Mesdames et messieurs les députés, l'Europe, ce sont des valeurs, celles de la démocratie, des droits et des libertés publiques, de la paix et de la coopération. Dans un monde en proie aux incertitudes, la volonté d'ouverture à laquelle le Président de la République invite l'Europe répond à une exigence de responsabilité. L'unité, la protection, ce sont les conditions pour que l'Europe puisse se projeter et contribuer efficacement à la stabilité de l'ordre international, pour que les normes qu'elle incarne soient un modèle crédible à l'échelle du monde.

Pour la génération qui naît aujourd'hui à la conscience politique, l'idée européenne passe pour une évidence. Nous pouvons nous en réjouir, bien sûr, tant ce sentiment illustre les soixante-dix ans de silence des armes que le projet européen a rendu possibles entre nos États, grâce à une construction bâtie sur l'idée de réconciliation et qui reste la meilleure garantie pour la paix, comme le rappelait sans cesse Simone Veil.

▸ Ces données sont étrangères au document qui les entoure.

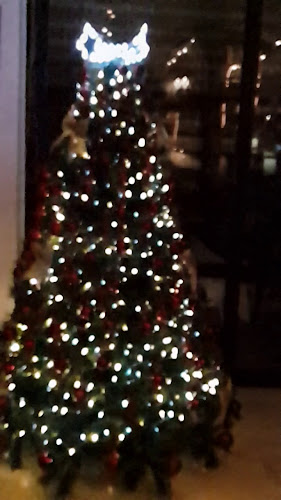 Opinii despre Antika Restaurant în Novi Vinodolski - Gastronomija i ugostiteljstvo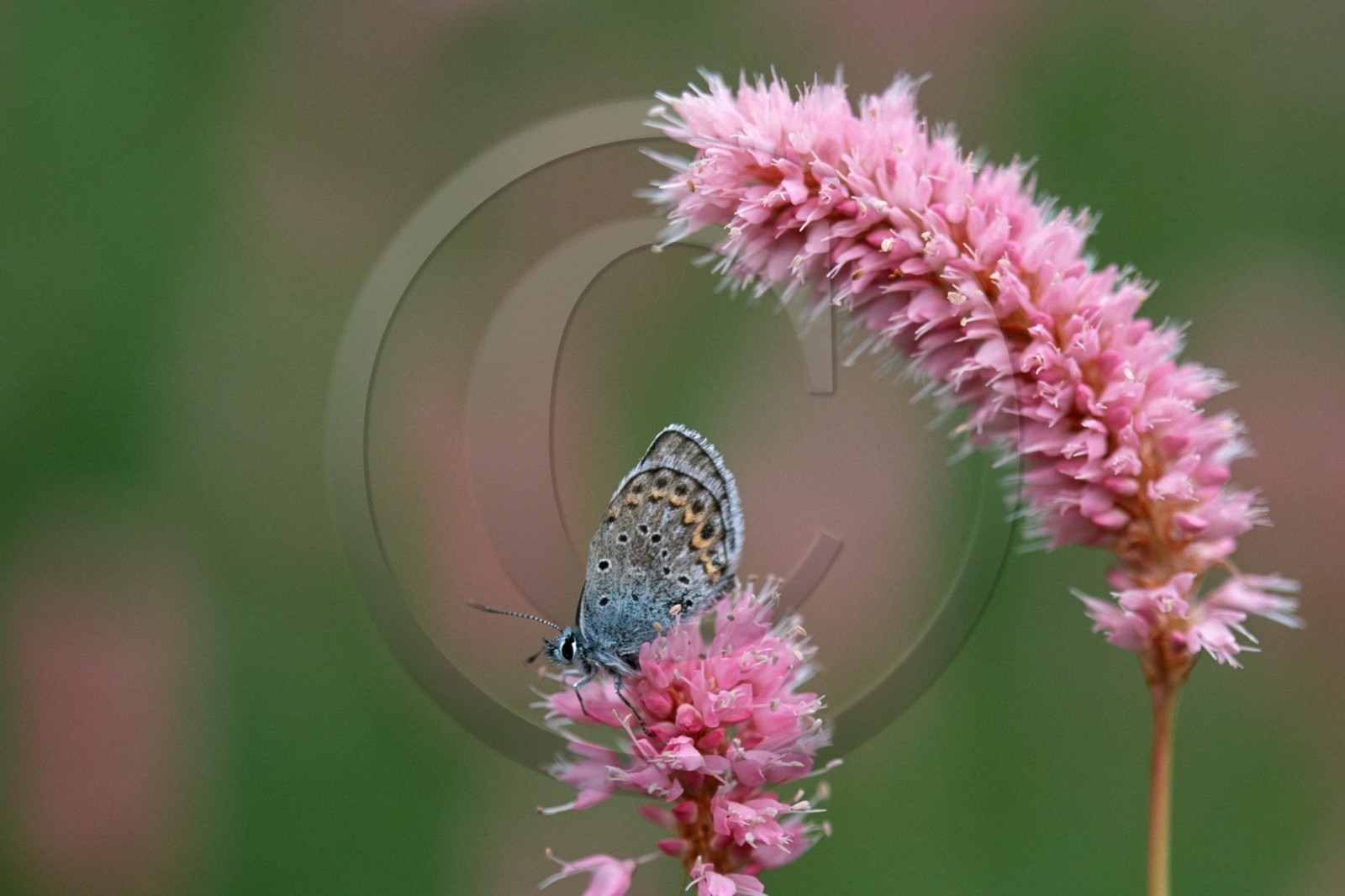 papillon, Azuré de l'ajonc, Plebejus argus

Mais, si nous voulons bâtir l'avenir de l'Europe, nous devons aussi nous rappeler en permanence que les créations humaines en apparence les plus assurées peuvent être balayées par les fracas que l'histoire et la folie des hommes peuvent déployer. La valeur de la construction européenne, cette création politique unique, mesurons-la non seulement en termes de capacités économiques, mais aussi en la ramenant à son origine, celle des drames du siècle passé et de la volonté qui permit de les dépasser.

Chacune des générations de notre pays peut rattacher la naissance de sa conscience européenne à un événement marquant, à un projet fédérateur : je pense aux ruines de la guerre dont notre pays s'est relevé, aux premiers efforts de réconciliation avec l'Allemagne dans une Europe divisée par la guerre froide ; je pense à la liesse lors de la chute du mur de Berlin ou à l'émotion immense de voir Helmut Kohl et François Mitterrand main dans la main devant l'ossuaire de Douaumont ; je pense au projet et à la concrétisation de la monnaie unique. Quel sera, pour notre jeunesse, elle qui incarne l'avenir de l'idée européenne, elle qui devra en assumer demain la responsabilité, l'événement, le projet à partir duquel elle fera sien l'idéal européen ? C'est la question à laquelle nous devons essayer de répondre collectivement par notre action.

Mesdames, messieurs les députés, l'horizon de notre souveraineté est européen. C'est en construisant, avec l'ensemble des États membres de l'Union, une Europe souveraine que nous assumerons nos responsabilités à l'égard du peuple français.